A comparative study of the diagnostic methods for Group A streptococcal sore throat in two reference hospitals in Yaounde, Cameroon
Introduction: Sore throat is a common complaint in general practice which is more frequent in children. The most frequent pathogenic bacteria
associated with this infection is Streptococcus pyogenes. Rapid Antigen Diagnostic Test (RADT) facilitates the rapid identification and consequently
prompt treatment of patients, prevents complications, and also reduces the risk of spread of Group A Streptococcus (GAS). The main objective of
this study was to assess the diagnostic value of a rapid streptococcal antigen detection test in patients with sore throat.

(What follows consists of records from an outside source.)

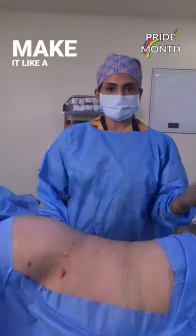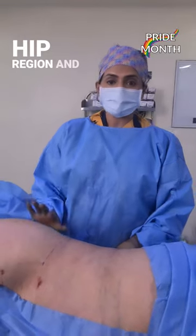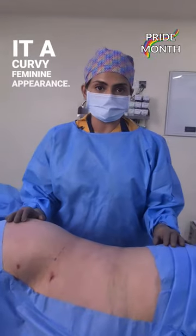We will also add some fat on the hip region and on the upper buttock region in order to make a curvy, feminine appearance.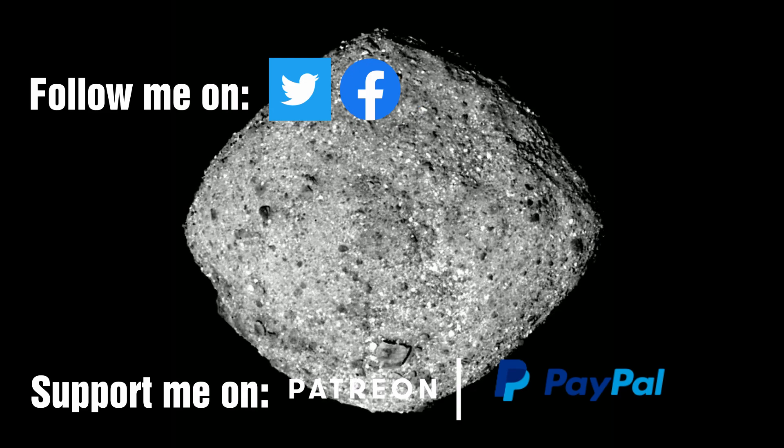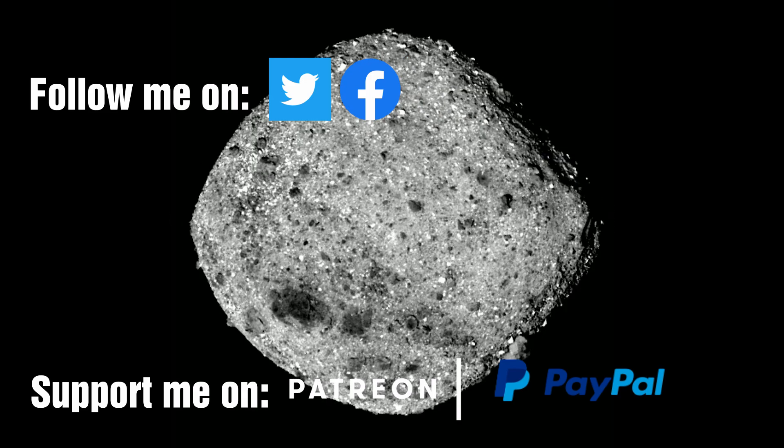As always, be brave, be curious — the truth is waiting for us. Until next time.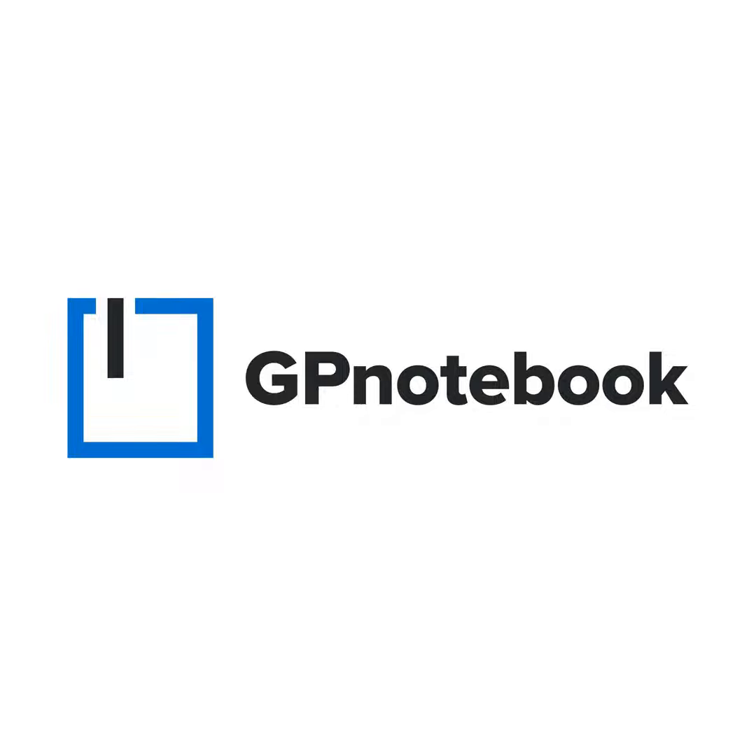If you like what you hear, do please consider leaving a review to help other listeners find us. You can also follow us on Twitter at GP Notebook for more information about new podcast episodes and study groups, and you can find me there too at Roger the Doctor. You can visit gpnotebook.com for podcast episode show notes and to find out more about upcoming study group meetings.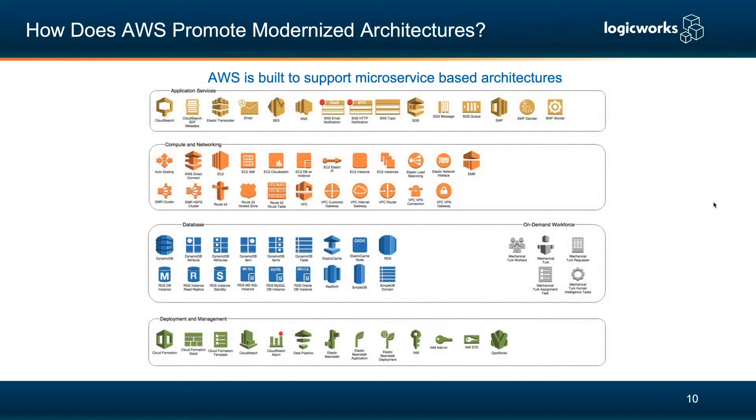So how does refactoring and modernizing your applications relate to AWS? Many times when applications become modernized or refactored, it lends itself really well to AWS, because AWS has a whole diverse set of services designed for microservice-based architecture — covering every aspect of your environment, including application services, code deployment services like CodeCommit and CodePipeline for CI/CD pipelines, and serverless-based architectures.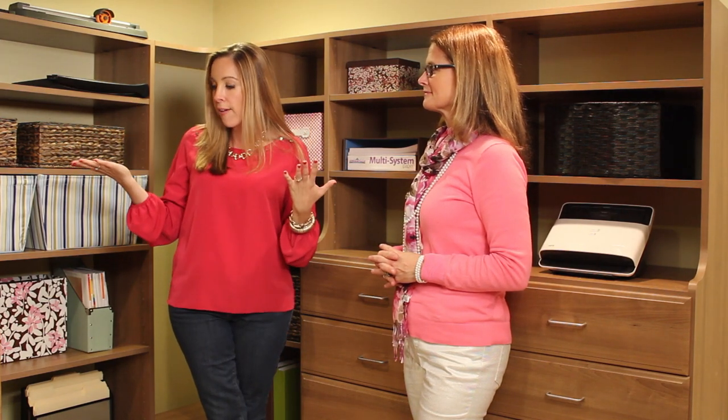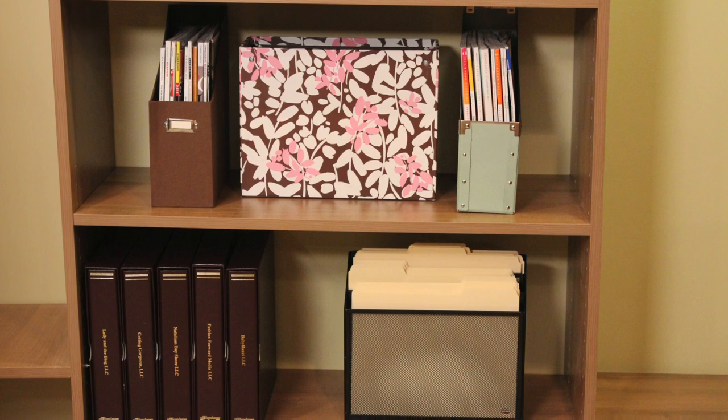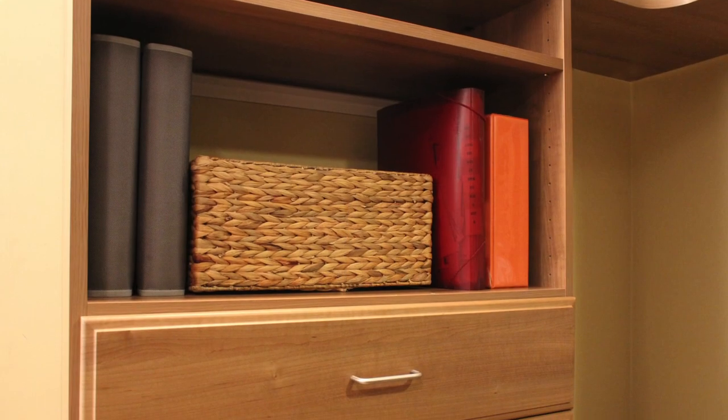Instead of using this as an extra toy area, which didn't make sense anymore, we decided to use it for our business and make this our office headquarters. We took everything scattered around the house — it was like an egg hunt for paper clips — and put it all here. Now there's one-stop shopping: envelopes, labels, printing paper, even supplies for the children, all stationed in this one little nook.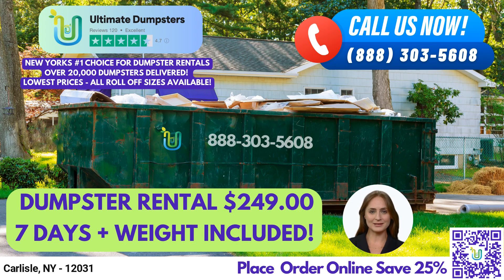A 20-yard dumpster is approximately 22 feet long, 8 feet wide, and 4 feet tall. It's ideal for medium-sized projects such as home renovation waste, demolition debris, and construction waste.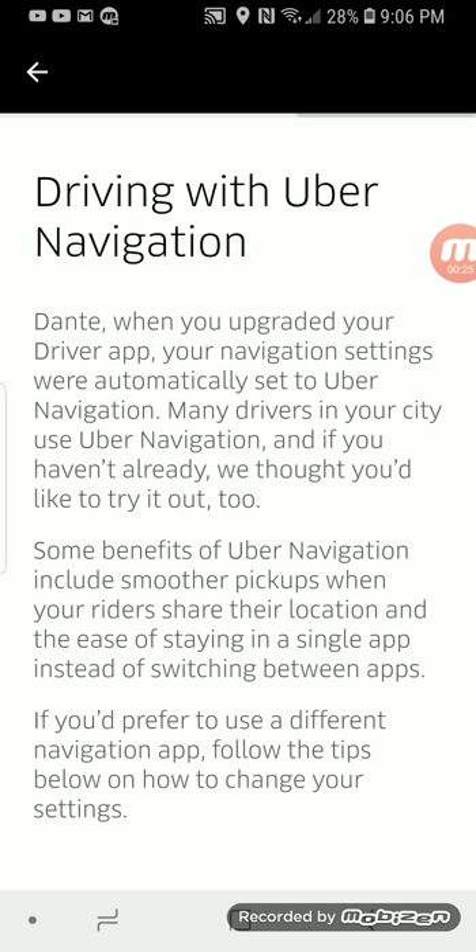Here is what Uber says to us regarding the updates. It says: your navigation settings were automatically set to Uber Navigation. Many drivers in your city use Uber Navigation, and if you haven't already, we thought you'd like to try it too. Some benefits of Uber Navigation include smoother pickups when your riders share their location and the ease of staying in a single app instead of switching between apps. If you prefer to use a different navigation app, follow the tips below.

Methods: A crosssectional descriptive study was carried out from January to April 2011 on patients aged 3 to 72 years consulting for pharyngitis or sore throat at the paediatric and Ear, Nose and Throat units of the University Teaching Hospital Yaounde and the Central Hospital Yaounde. Two throat swabs were collected per patient. One was used for the rapid test and the other for standard bacteriological analysis.
Results: The prevalence of GAS in the study population was 22.5%. Out of the 71 samples collected, the RADT detected group A streptococcal antigens in 12 of 16 positive cultures giving a sensitivity of 75%. The specificity of the rapid test was 96%, with positive predictive value of 85.7%, and negative predictive value of 93% respectively.
Conclusion: Rapid test may have an additional value in the management of patients with high risk of having GAS infection. However, tests with a higher sensitivity are needed for accurate and reliable results for early diagnosis of patients with sore throat caused by GAS.